#### Your instructions:
From the line that contains "The Green Mist —" down to the last line of the entries, repeat every line exactly. Do not carry over the pictures.

#### Image-caption web data:
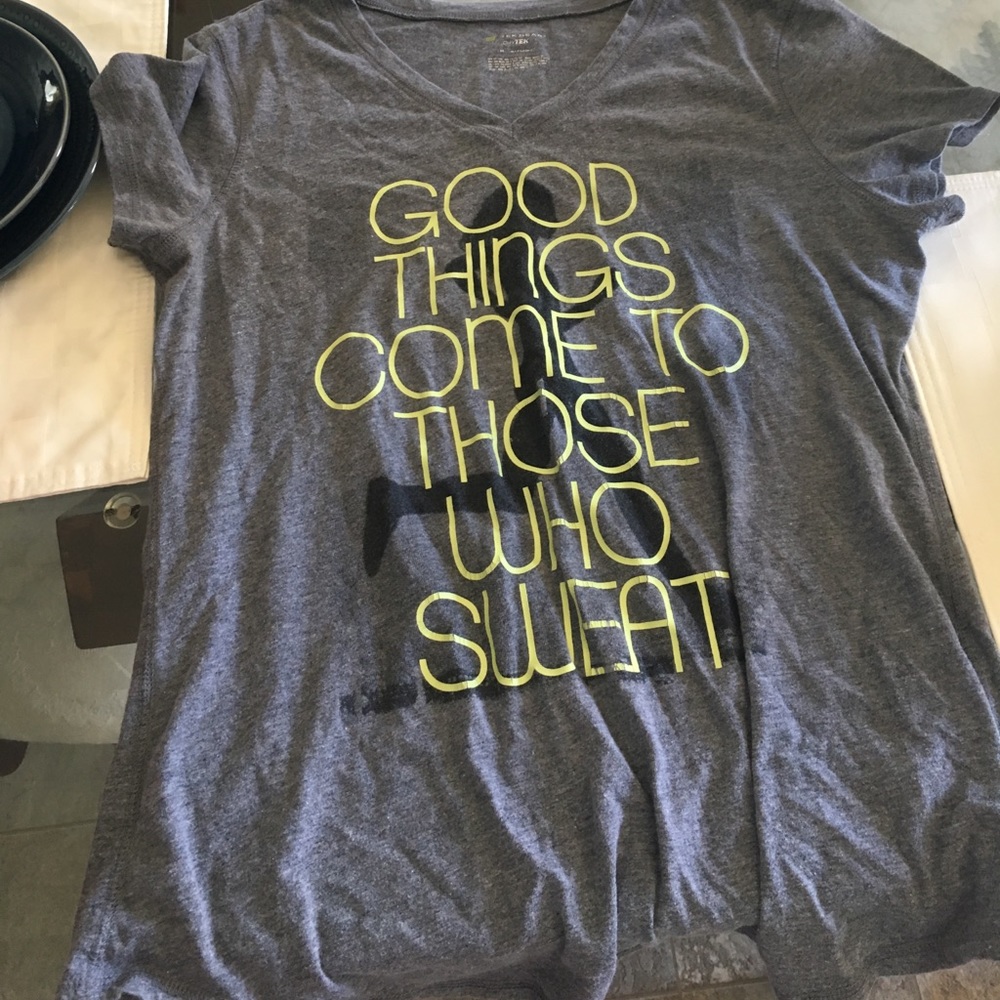 "Good things come to those who sweat"  workout top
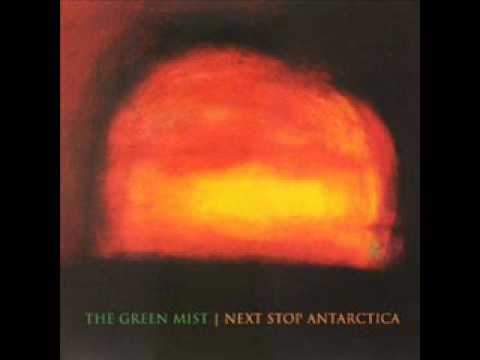 The Green Mist — The Green Mist - Next Stop Antarctica (2007) - FULL ALBUM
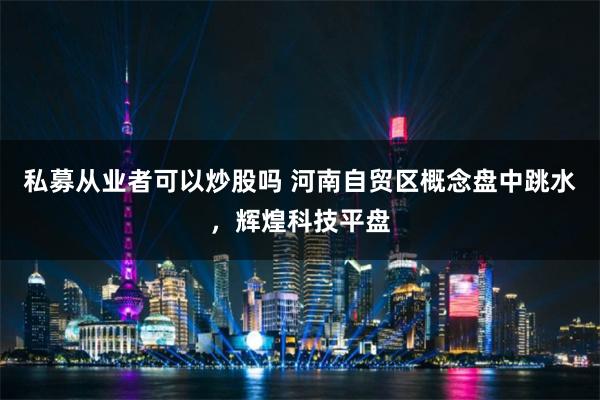 私募从业者可以炒股吗 河南自贸区概念盘中跳水，辉煌科技平盘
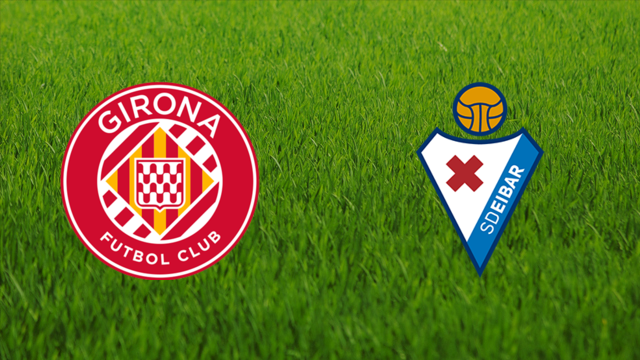 Girona FC vs. SD Eibar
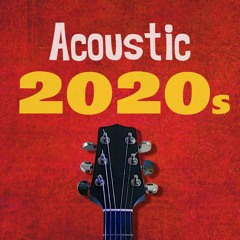 2020s Acoustic Covers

#### Task response:
 The Green Mist — The Green Mist - Next Stop Antarctica (2007) - FULL ALBUM
 私募从业者可以炒股吗 河南自贸区概念盘中跳水，辉煌科技平盘
 Girona FC vs. SD Eibar
 2020s Acoustic Covers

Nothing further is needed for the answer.